WHAT YOU HAVE TO DO: Scan the records below for the line with "AK Susice na" and the line with "الفيفا يفرض عقوبات", and retype that range exactly, both ends included, pictures excepted.

SUPPLIED INFORMATION:
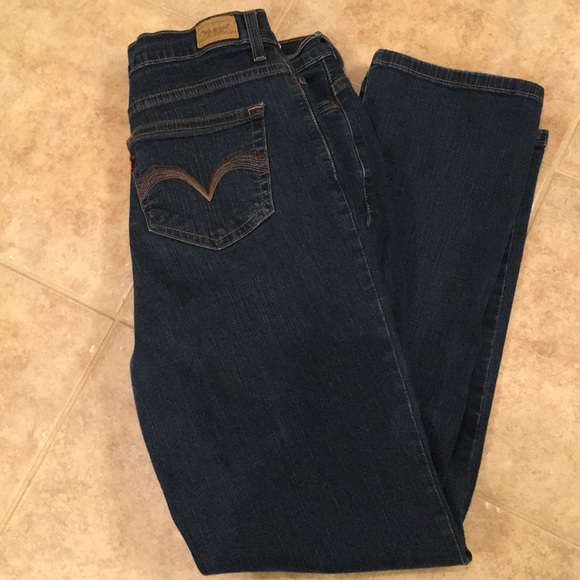 Levi's Denim - Levi’s Perfectly Slimming Straight 512 Jeans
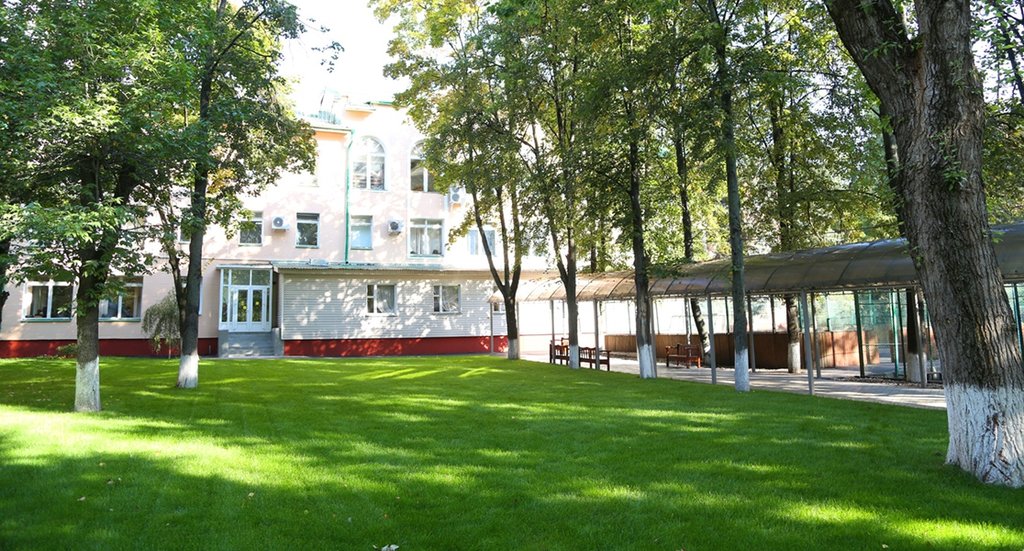 Ломоносовская школа, Москва — здание школы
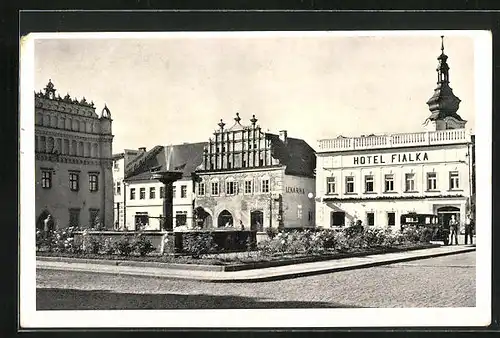 AK Susice na Sumave, Strassenpartie mit Hotel Fialka und Brunnen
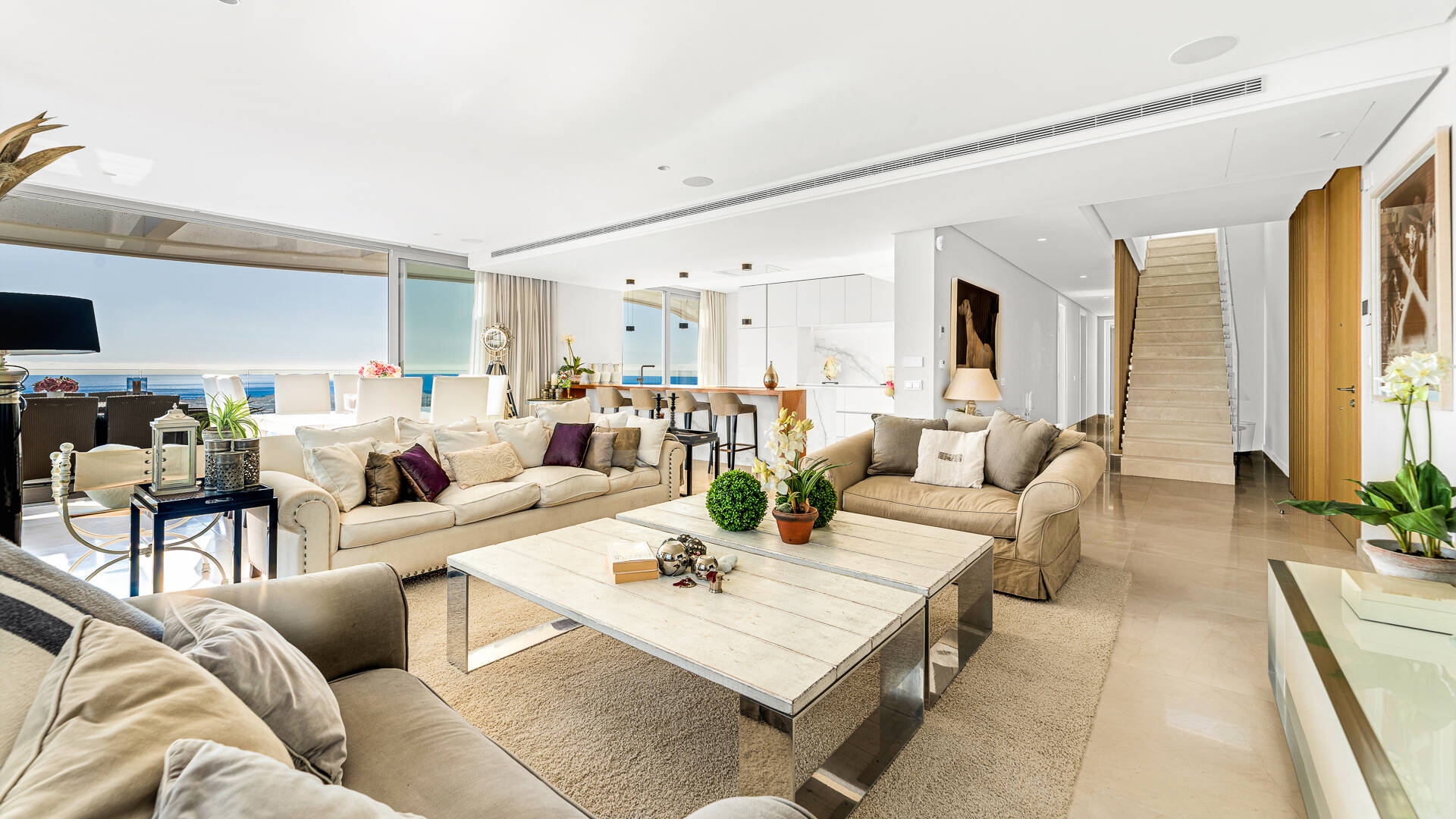 Luxury penthouse with private pool and open sea views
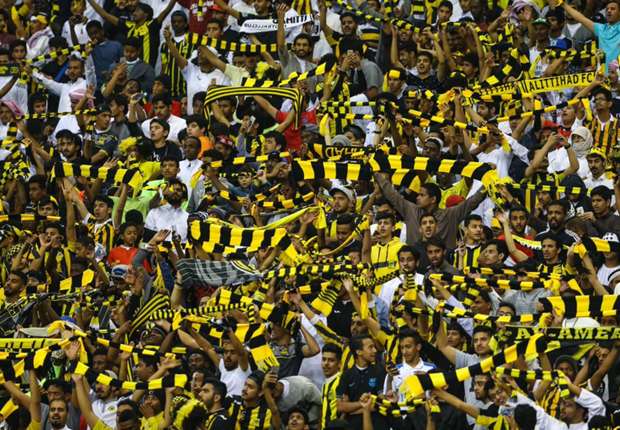 الفيفا يفرض عقوبات جديدة على نادي اتحاد جدة السعودي ونجاة كهربا من العقوبة
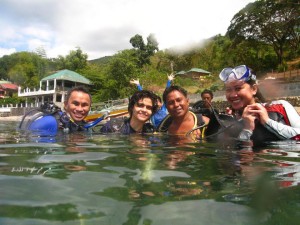 New friends, new divers and a photobomb fail on an Anilao weekend.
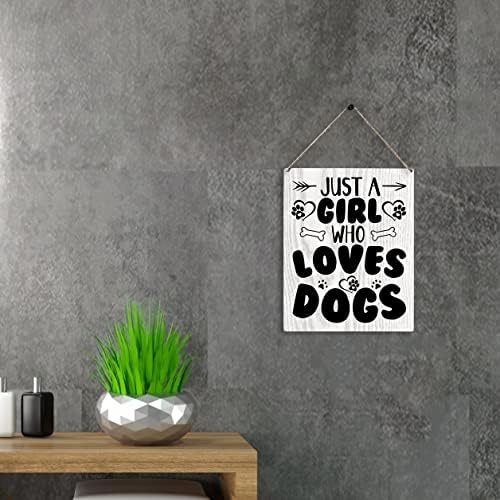 מצחיק רק ילדה שאוהבת כלבים שלט עץ שלט קיר חווה תלויה כפרי למוסך ביתי מתנות לעיצוב חצר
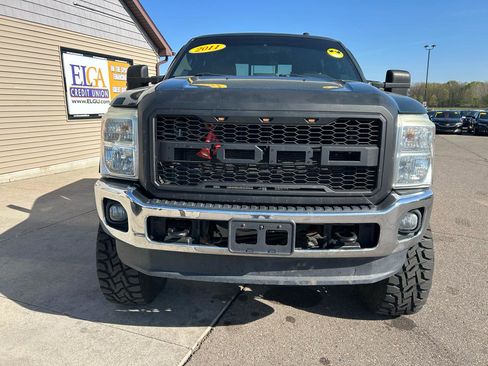 Used 2011 Ford F350 Lariat AWD/4WD image 2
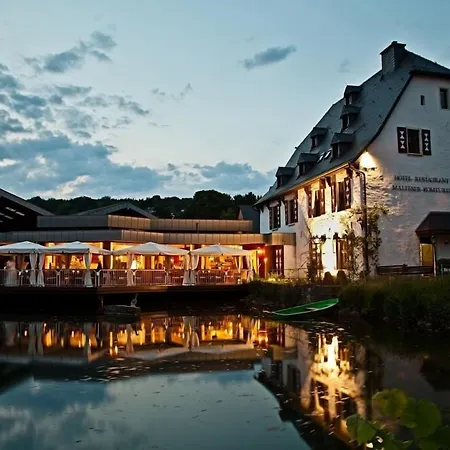 Malteser Komturei / Restaurant فندق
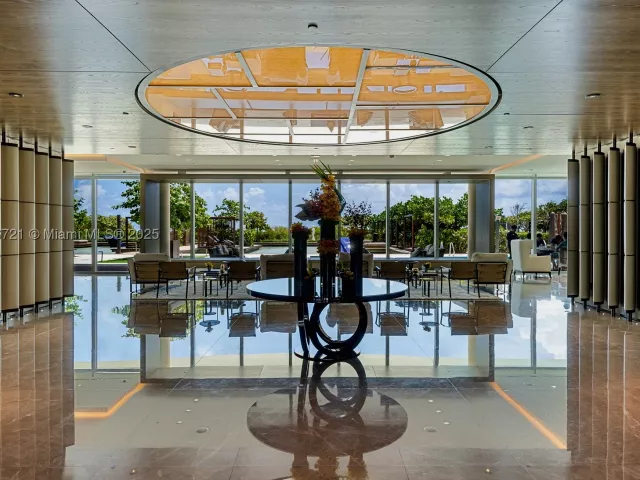 4-bedroom condo for sale in Surfside - 9349 Collins Ave 205 - MondialRealty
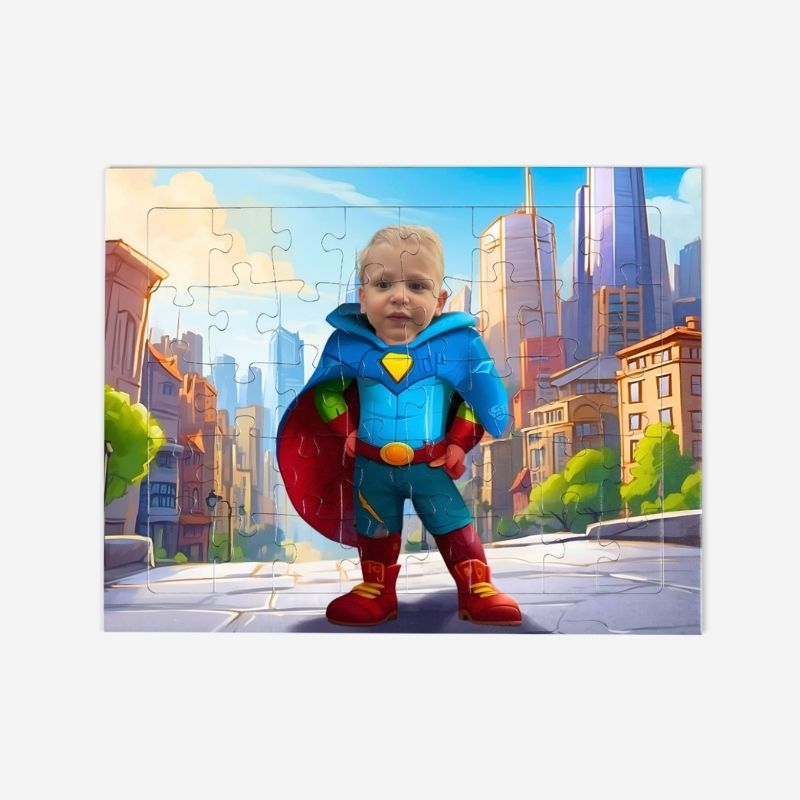 Personalizowane Puzzle superbohater to puzzle z dzieckiem w stroju superbohatera na tle miejskiej panoramy.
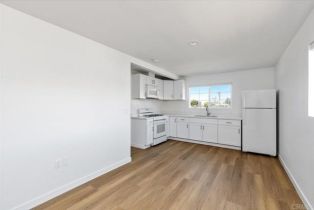 , 406 Cleveland st, Oceanside, CA 92054 - 6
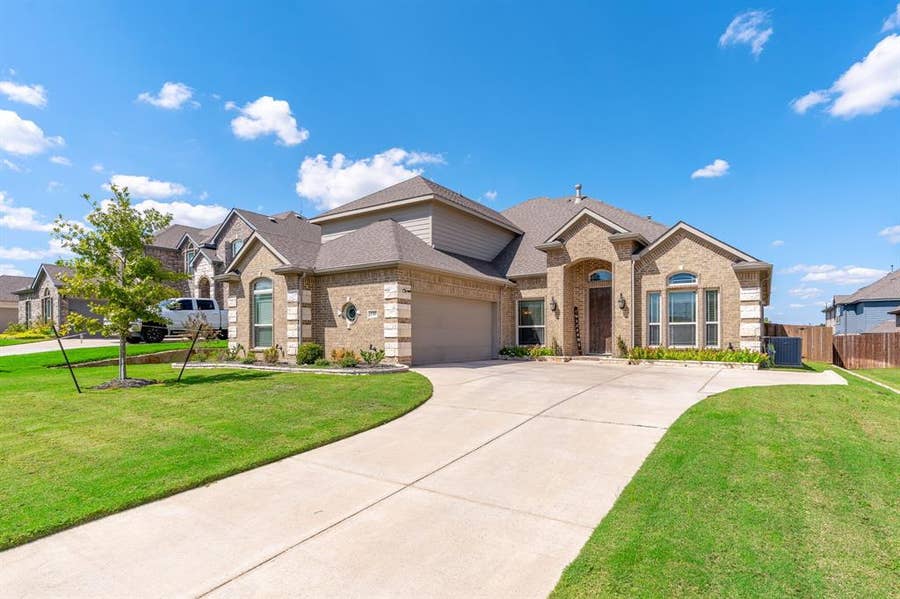 Property photo for 1705 Stags Leap Trail, Kennedale, TX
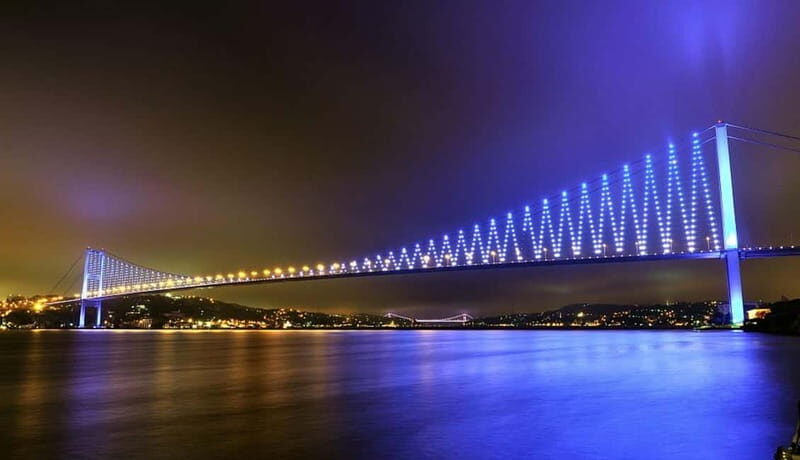 Bosphorus Dinner Cruise & Shows - The onboard show program: live music, dance, and when it hits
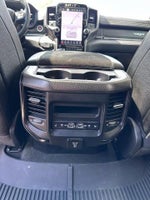 2023 1500 Thumbnail 25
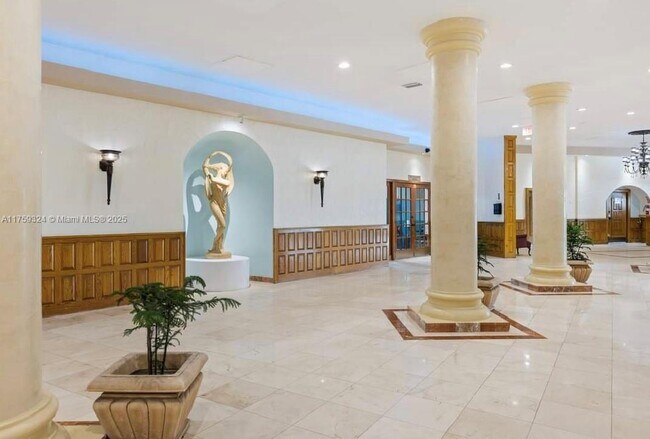 Building Photo - 3725 S Ocean Dr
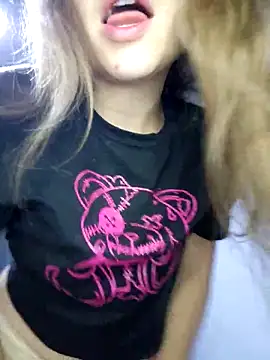 Snapshot of bambiluly chatting on October 17, 2025, 11:07 pm bambiluly online show from October 17, 2025, 11:07 pm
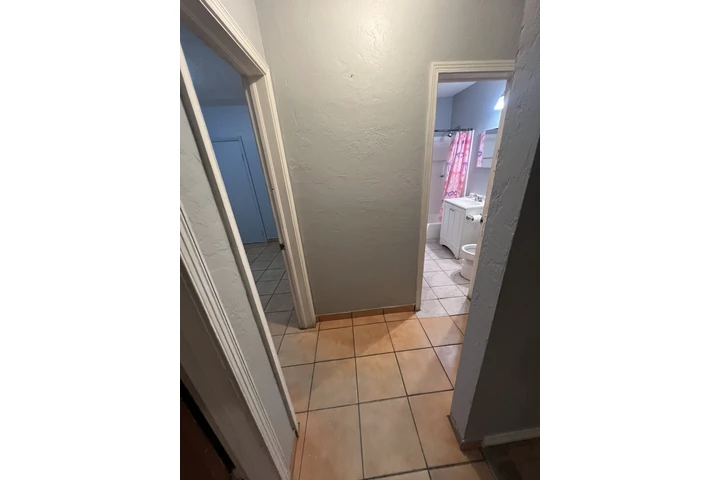 $2300 : Rento apartamento image 3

YOUR SOLUTION:
 AK Susice na Sumave, Strassenpartie mit Hotel Fialka und Brunnen
 Luxury penthouse with private pool and open sea views
 الفيفا يفرض عقوبات جديدة على نادي اتحاد جدة السعودي ونجاة كهربا من العقوبة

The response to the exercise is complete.